Neu an der Diskussion ist, dass die Debatte von Frauen angeheizt wird, die selber an der Spitze stehen. Frauen wie Komikerin Tina Fey, Ministerin Kristina Schröder oder die Facebook-Chefin Sheryl Sandberg. Im Gegensatz zu früheren Vorkämpferinnen haben die Frauen selber Kinder und Männer, die eine sehr aktive Rolle in der Erziehung einnehmen. Geändert hat sich auch das Tempo der Debatte. Während früher Vordenkerinnen wie Betty Friedan, Alice Schwarzer oder Elisabeth Badinter Aufsätze und Abhandlungen zum Thema publizierten, wird heute unmittelbar reagiert. So entsteht in kürzester Zeit eine lebhafte Diskussion, auch zwischen verschiedenen Frauengenerationen. Zahlreiche jüngere Bloggerinnen mokierten sich über das klischierte Cover des Magazins, das billige Effekthascherei sei, genau wie der Titel, der suggeriere, dass überhaupt irgendjemand alles haben könne. Alternative Titel und Hashtags für die Debatte werden derzeit auf Twitter diskutiert. Als Alternative zum Hashtag «Alles haben» wurde etwa «Ein Leben haben» vorgeschlagen, was bei der Autorin Slaughter durchaus Gefallen gefunden hat.
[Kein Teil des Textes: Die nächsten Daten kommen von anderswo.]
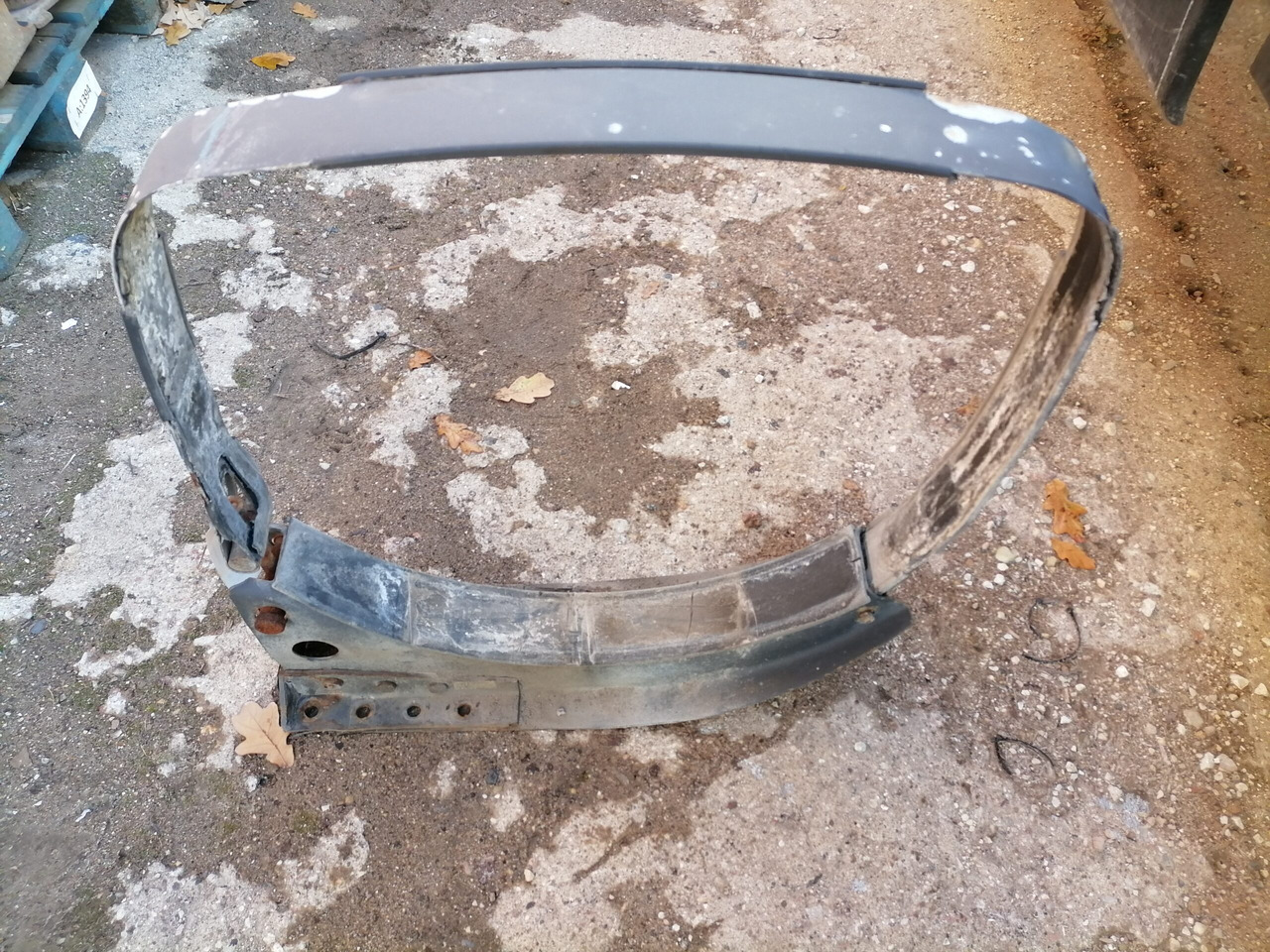 Volvo Kütusepaagi kandur, Volvo 20721537 - Fuel tank for Truck: picture 3 Volvo Kütusepaagi kandur, Volvo 20721537 - Fuel tank for Truck: picture 3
Das unglaubliche Echo und die lebhafte Debatte, die durch den Beitrag von Slaughter ausgelöst wurde, zeigt, dass es «The Atlantic» einmal mehr gelungen ist, eine gesellschaftliche Debatte zu lancieren, wie es dem Magazin mit dem Artikel zum Ende der Ehe gelungen ist. (Lesen Sie auch: «Die Kündigung an den Mann»)
Anne-Marie Slaughter kommt zum Schluss, dass sich nicht die Frauen, sondern die Haltung ändern müsse. «Die Gesellschaft muss sich ändern. Die Entscheidung, die Familie vor den Beruf zu stellen, muss genauso wertgeschätzt und akzeptiert werden, wie die umgekehrte Entscheidung.»
Sheryl Sandberg hat übrigens auf den Artikel noch nicht offiziell reagiert. Die Autorin Slaughter hat von ihr aber eine E-Mail erhalten, wie sie in einem Interview sagte. Die Botschaft: Wir müssen noch mehr darüber sprechen und zwar bald.


Kommentar: Bei der Frage, ob eine Frau Mutter sein darf und lieber auf die Karriere verzichten möchte oder  ob sie unbedingt beides unter einen Hut kriegen soll: Karriere und Mutterrolle. Es geht vielfach  um die Positionen "Entweder oder" gegen ein "Sowohl als auch". Dieses Thema wird jedenfalls immer wieder heftig diskutiert. .
Mit der Aussage "niemand kann alles haben" traf Slaughter. die Archillesferse des militanten Feminismus.
Von den Frauen wird aus dieser Ecke mehr Ehrgeiz gefordert. Es passt nicht ins Frauenbild, dass es vor  allem  kinderlose Frauen an die Spitze schaffen. Eine Frau, die sich dem Kind widmet, wird gerne als Steigbügelhalterin des Ehemannes stigmatisiert. Nach meinem Dafürhalten solle man es jeder Frau selbst überlassen, wie sie die Bereiche MUTTER - JOB - KARRIERE gewichten will. Die Frau sollte frei entscheiden dürfen, für was sie sich entscheidet: Mutterrolle, Karrierefrau oder beides? Niemand dürfte stigmatisiert werden.
Eine Karrierefrau ist nicht apriori eine Rabenmutter, weil sie das Kind fremd betreuen lässt und eine Frau, die das eigenen Kind selbst in den ersten Jahren als enge Bezugsperson begleiten und prägen will, dürfte dies auch tun können ohne dass sie von Kolleginnen als Verräterin an der Emanzipation verschrieen wird.